TASK REQUIREMENTS ::
The records below are to be copied word for word, with every picture left out.

Caption-style text data ::

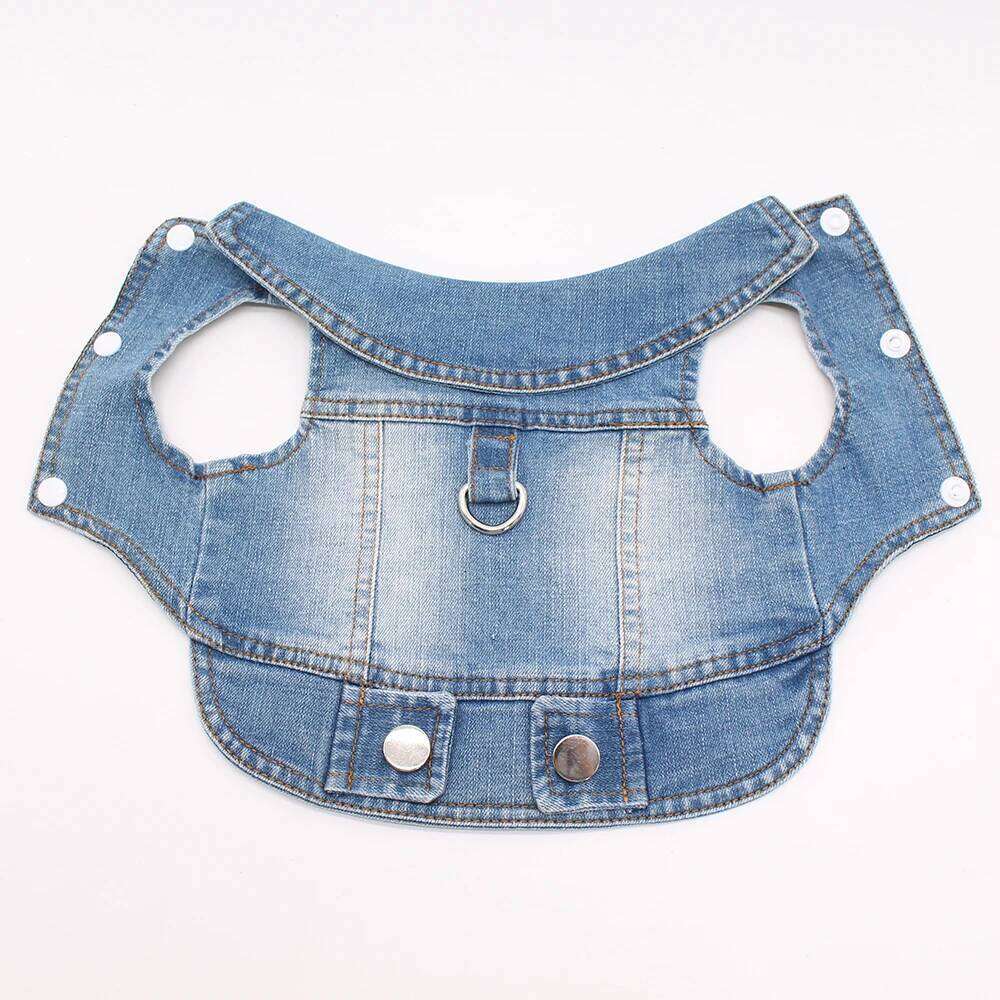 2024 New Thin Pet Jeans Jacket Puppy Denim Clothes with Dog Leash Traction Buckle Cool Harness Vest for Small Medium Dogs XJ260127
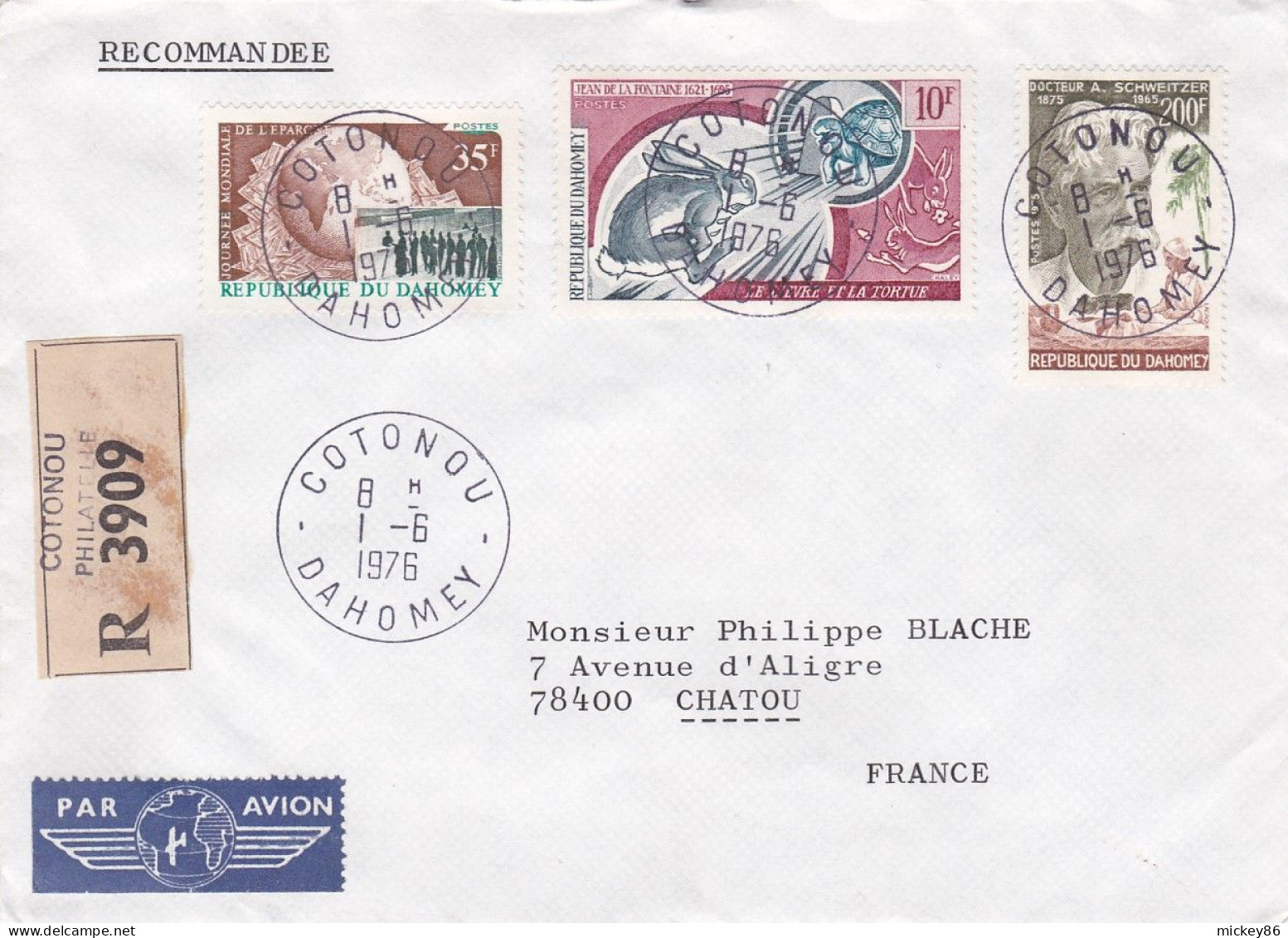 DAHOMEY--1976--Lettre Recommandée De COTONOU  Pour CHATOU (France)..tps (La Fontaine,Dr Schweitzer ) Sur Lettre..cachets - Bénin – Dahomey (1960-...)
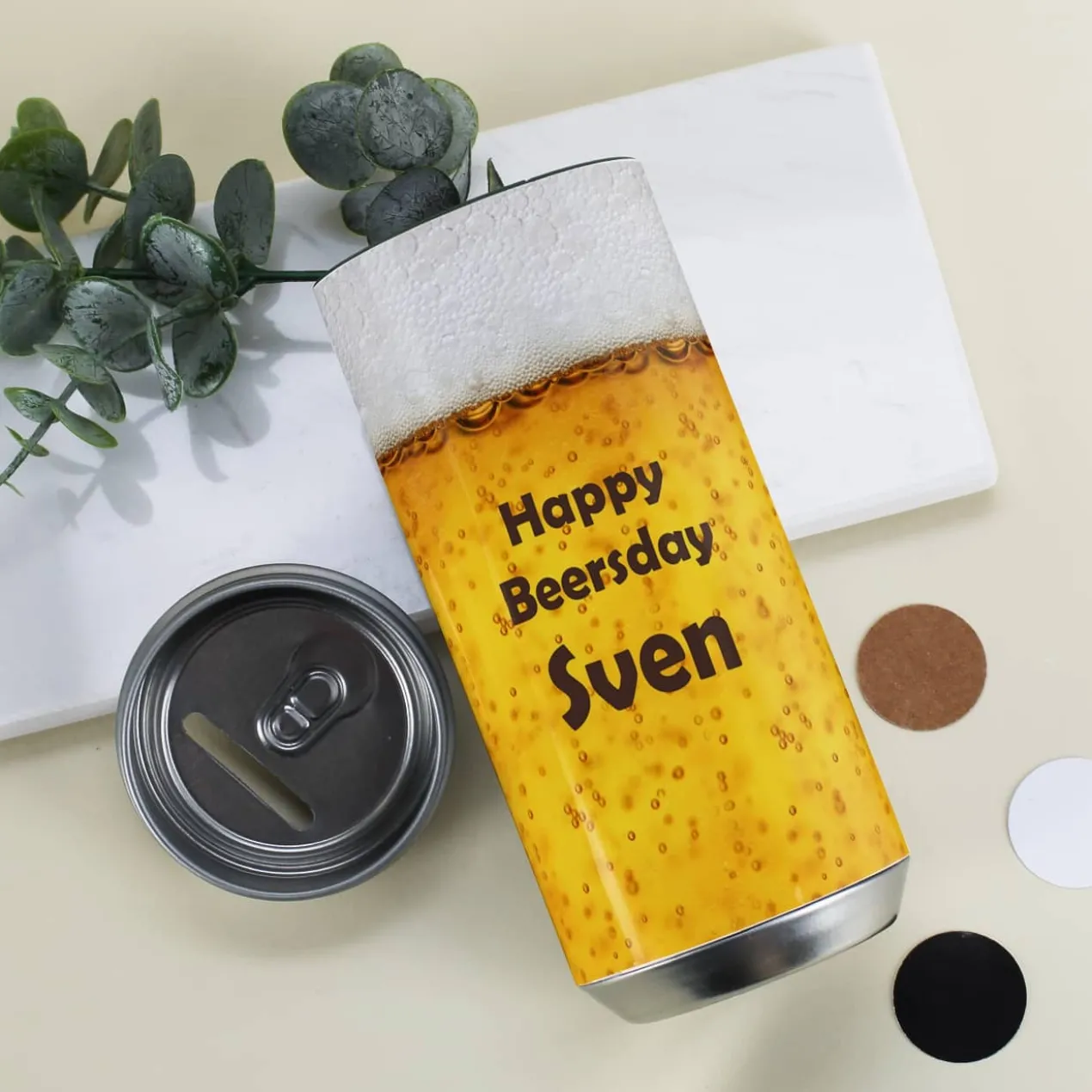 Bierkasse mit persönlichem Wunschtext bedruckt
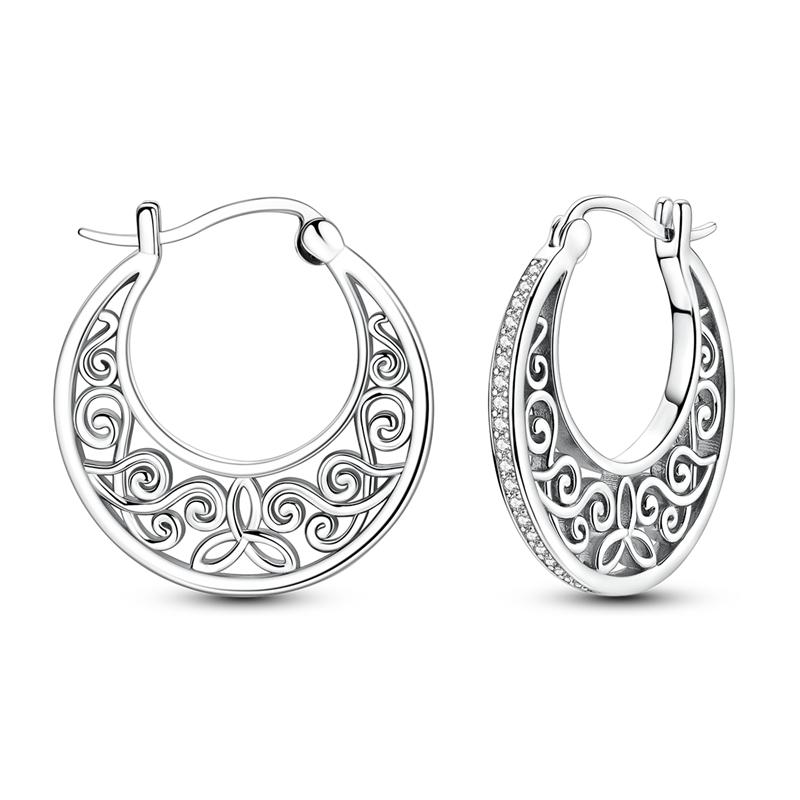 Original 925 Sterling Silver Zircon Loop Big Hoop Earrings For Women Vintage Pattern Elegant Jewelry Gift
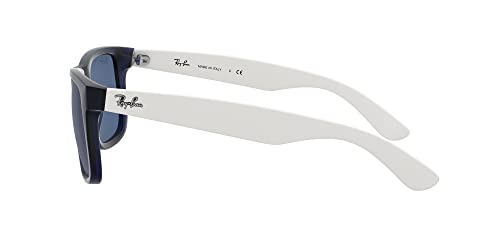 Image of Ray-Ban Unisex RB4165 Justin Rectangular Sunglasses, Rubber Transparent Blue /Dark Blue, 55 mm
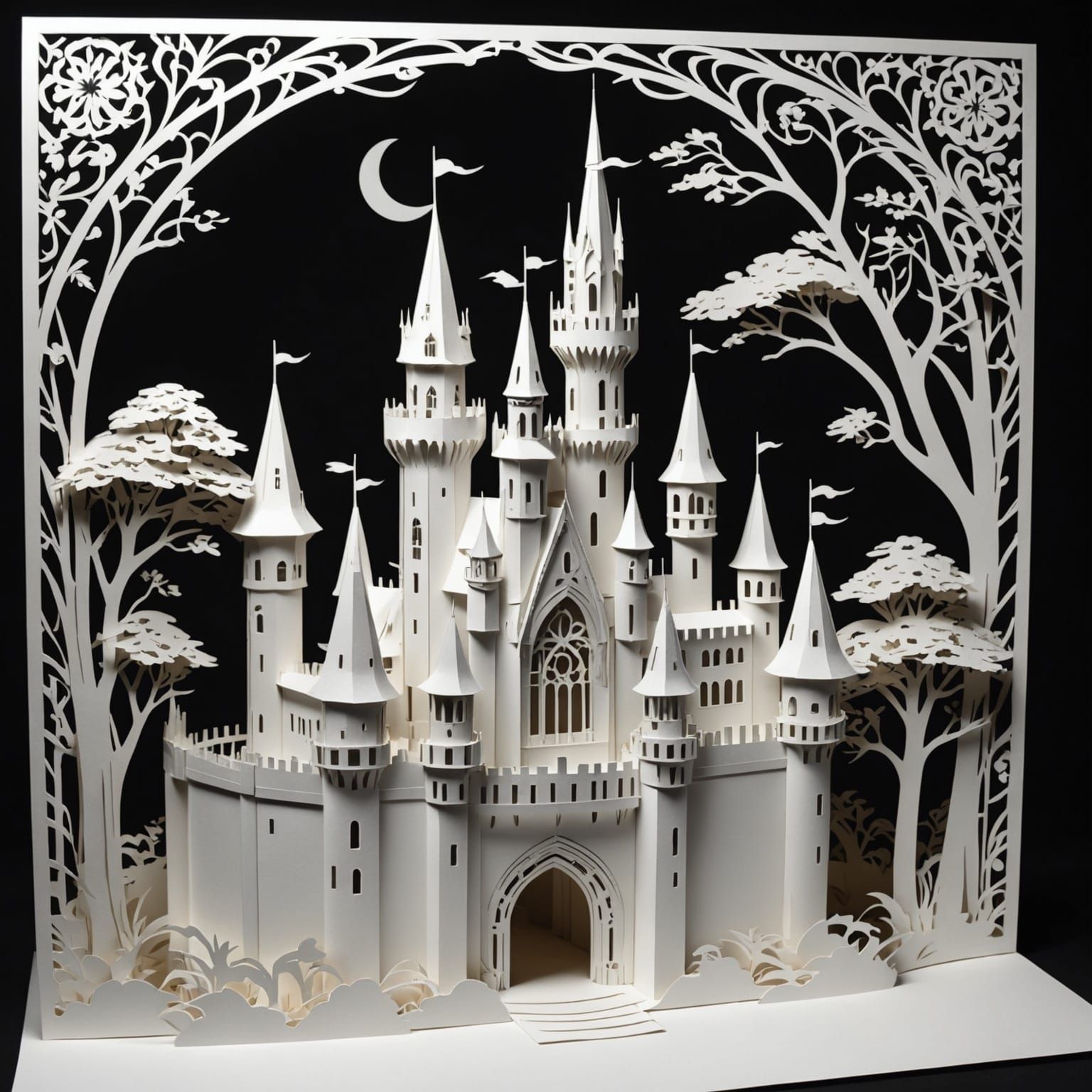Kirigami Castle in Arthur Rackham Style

REPLY TO THE EXERCISE ::
 2024 New Thin Pet Jeans Jacket Puppy Denim Clothes with Dog Leash Traction Buckle Cool Harness Vest for Small Medium Dogs XJ260127
 DAHOMEY--1976--Lettre Recommandée De COTONOU  Pour CHATOU (France)..tps (La Fontaine,Dr Schweitzer ) Sur Lettre..cachets - Bénin – Dahomey (1960-...)
 Bierkasse mit persönlichem Wunschtext bedruckt
 Original 925 Sterling Silver Zircon Loop Big Hoop Earrings For Women Vintage Pattern Elegant Jewelry Gift
 Image of Ray-Ban Unisex RB4165 Justin Rectangular Sunglasses, Rubber Transparent Blue /Dark Blue, 55 mm
Kirigami Castle in Arthur Rackham Style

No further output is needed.